- Information shown
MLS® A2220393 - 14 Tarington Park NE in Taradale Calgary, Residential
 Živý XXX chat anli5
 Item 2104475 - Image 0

- Instructions to follow
Repeat the listing in its entirety, keeping each line as it is.

- Result
MLS® A2220393 - 14 Tarington Park NE in Taradale Calgary, Residential
 Živý XXX chat anli5
 Item 2104475 - Image 0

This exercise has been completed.